May 30, 1977 – Dennis Eckersley’s Memorial Day No Hitter
On Memorial Day 1977, the Angels were in town and Cleveland had a young, brash pitcher on the mound. Dennis Eckersley was matched up with Angels ace Frank Tanana.
Eckersley issued one walk, with two outs in the top of the first to first baseman Tony Solaita.
In the bottom of the first, Duane Kuiper hit a fly ball to center field. Gil Flores attempted a shoestring catch, but narrowly missed the ball. The hit rolled all the way to the outfield wall and Kuiper was aboard with a triple. Right fielder Jim Norris executed a suicide squeeze to bring Kuiper home. This first-inning run is the only support Eck would need.
Mowing through the Angels lineup, Eckersley struck out twelve. The only other Angels baserunner was Bobby Bonds. He struck out to lead off the eighth, but strike three eluded Tribe catcher Ray Fosse. Bonds made it safely to first base, and it was ruled a wild pitch. Bonds was then neutralized on a ground ball double play by Don Baylor.
Tommy Smith, a good friend of our family and an old teammate of my father shared a story with me about his experience of this game:
“We had started the day finishing up in third place in the 2U Cleveland Umpires Tournament. Our last game concluded about 1PM. Four of us, along with three of the wives decided to grab a bite to eat at the local tavern and make plans for the rest of the evening. Our intention was to go see the young phenom Dennis Eckersley pitch on a beautiful evening.
This is where our plans hit a snag. One–and only one–of the wives decided she had seen enough baseball and softball in the last three days and was not going to go see another game that evening. So, we asked what she wanted to do.
She wanted us all to go see a movie. We let her have her way and went to see “It’s Alive”, one of the worst movies I believe I have ever seen in my life. We walked out of the theater about 9:15 PM, got in our cars and turned on the game as we headed out to dinner.
It was the top of the 8th inning, and Eckersley had not given up a hit. A no-no, and we were missing it! We got to the restaurant in the top of the 9th and the ladies walked in while the four guys stayed near the car to hear the end of the game.
Leading of the top of the ninth for the Halos was Bobby Grich. He struck out for the second time of the evening and was Eck’s 11th strikeout victim. Next was pinch hitter Willie Aiken, so lifted a short fly ball to left for out number two.

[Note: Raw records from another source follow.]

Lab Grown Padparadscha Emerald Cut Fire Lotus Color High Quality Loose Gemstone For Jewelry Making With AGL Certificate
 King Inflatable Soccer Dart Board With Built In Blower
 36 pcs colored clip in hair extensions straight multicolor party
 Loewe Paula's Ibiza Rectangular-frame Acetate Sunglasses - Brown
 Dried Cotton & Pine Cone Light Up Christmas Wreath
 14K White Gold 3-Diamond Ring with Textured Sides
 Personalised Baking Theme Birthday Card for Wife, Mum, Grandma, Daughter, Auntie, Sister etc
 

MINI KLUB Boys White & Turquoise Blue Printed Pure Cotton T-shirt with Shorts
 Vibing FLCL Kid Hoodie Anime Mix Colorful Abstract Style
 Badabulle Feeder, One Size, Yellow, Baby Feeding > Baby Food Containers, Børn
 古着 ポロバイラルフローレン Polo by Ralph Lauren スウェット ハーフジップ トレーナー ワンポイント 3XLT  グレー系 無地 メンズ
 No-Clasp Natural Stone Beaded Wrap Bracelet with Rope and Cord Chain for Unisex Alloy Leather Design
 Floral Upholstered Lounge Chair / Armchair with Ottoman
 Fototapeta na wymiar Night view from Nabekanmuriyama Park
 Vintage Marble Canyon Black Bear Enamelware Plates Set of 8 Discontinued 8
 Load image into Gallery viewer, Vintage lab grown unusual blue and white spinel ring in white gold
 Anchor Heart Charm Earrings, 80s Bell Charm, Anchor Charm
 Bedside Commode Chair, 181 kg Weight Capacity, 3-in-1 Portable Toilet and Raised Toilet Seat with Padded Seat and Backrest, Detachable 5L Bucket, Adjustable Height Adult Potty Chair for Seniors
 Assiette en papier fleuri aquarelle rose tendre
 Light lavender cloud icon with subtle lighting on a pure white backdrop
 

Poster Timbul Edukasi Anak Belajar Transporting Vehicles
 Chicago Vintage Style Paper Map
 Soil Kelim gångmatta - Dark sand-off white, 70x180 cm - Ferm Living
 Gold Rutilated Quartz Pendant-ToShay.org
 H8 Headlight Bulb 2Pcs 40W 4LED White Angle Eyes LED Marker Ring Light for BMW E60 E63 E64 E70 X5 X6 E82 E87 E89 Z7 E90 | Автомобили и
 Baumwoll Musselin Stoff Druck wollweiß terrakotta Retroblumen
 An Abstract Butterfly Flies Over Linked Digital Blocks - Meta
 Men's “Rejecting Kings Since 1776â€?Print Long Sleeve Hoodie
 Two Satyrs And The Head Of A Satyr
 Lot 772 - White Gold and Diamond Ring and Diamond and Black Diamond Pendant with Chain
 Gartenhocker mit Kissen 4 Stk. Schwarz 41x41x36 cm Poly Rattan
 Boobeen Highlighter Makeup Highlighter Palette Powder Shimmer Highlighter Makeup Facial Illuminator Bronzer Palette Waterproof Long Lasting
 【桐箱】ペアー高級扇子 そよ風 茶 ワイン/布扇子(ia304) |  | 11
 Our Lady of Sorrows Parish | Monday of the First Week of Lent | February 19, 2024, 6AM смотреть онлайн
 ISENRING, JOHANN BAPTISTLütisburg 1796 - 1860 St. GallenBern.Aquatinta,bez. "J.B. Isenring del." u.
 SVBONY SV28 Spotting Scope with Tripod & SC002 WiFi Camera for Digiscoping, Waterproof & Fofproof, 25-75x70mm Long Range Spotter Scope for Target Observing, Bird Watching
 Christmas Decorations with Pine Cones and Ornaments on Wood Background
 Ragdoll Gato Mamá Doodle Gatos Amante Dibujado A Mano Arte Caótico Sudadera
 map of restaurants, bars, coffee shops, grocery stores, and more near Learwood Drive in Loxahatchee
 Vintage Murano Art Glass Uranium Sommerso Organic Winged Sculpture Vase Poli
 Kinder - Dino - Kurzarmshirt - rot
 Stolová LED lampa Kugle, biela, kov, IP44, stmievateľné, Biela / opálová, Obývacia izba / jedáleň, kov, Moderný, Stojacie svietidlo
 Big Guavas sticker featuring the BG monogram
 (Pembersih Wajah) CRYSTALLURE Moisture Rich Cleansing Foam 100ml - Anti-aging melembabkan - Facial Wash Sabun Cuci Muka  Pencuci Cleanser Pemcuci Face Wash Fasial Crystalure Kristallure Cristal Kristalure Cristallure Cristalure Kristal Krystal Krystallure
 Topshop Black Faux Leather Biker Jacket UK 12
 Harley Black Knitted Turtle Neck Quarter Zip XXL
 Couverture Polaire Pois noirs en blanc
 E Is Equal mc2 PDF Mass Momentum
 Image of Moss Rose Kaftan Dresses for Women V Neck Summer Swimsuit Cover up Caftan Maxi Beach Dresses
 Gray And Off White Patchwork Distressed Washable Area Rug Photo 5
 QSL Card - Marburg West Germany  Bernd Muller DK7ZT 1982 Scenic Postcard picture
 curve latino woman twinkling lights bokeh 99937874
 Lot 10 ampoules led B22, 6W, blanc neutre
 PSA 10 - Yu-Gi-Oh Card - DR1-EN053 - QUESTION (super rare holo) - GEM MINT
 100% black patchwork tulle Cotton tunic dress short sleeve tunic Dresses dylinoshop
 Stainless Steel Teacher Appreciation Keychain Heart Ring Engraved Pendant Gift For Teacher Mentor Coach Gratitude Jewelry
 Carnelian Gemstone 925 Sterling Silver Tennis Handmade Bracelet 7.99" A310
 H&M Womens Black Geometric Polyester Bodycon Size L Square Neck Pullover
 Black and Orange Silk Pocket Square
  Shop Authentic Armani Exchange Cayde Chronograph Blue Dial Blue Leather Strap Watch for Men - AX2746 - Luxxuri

Everyone in the crowd was up on their feet as Gil Flores came to the plate. We turned the car radio up as loud as it would go, and none of us said a word, hoping not to jinx the moment. Strike one was called and Flores was not happy. Ball one came and the crowd was anxious. The third pitch was fouled back and now the count was 1 – 2. You could hear a pin drop in the stadium–and in the parking lot–as the next pitch was delivered.
Swing and a miss! Strike three! And Dennis Eckersley was now a part of baseball history. The four of us looked at each other and couldn’t utter a word. Baseball history in our own back yard and we had missed it in favor of “It’s Alive.” A game that goes down in Indians history…sure would have been nice to have been there.”
Eckersley would go on to strike out over 191 batters in the 1977 season, leading the league with a 3.54 strikeout to walk ratio. He will appear again in this project, later in his career pitching for his hometown Oakland As in Game 71.
Many thanks to Tommy Smith. I have lightly edited his comments to me for clarity.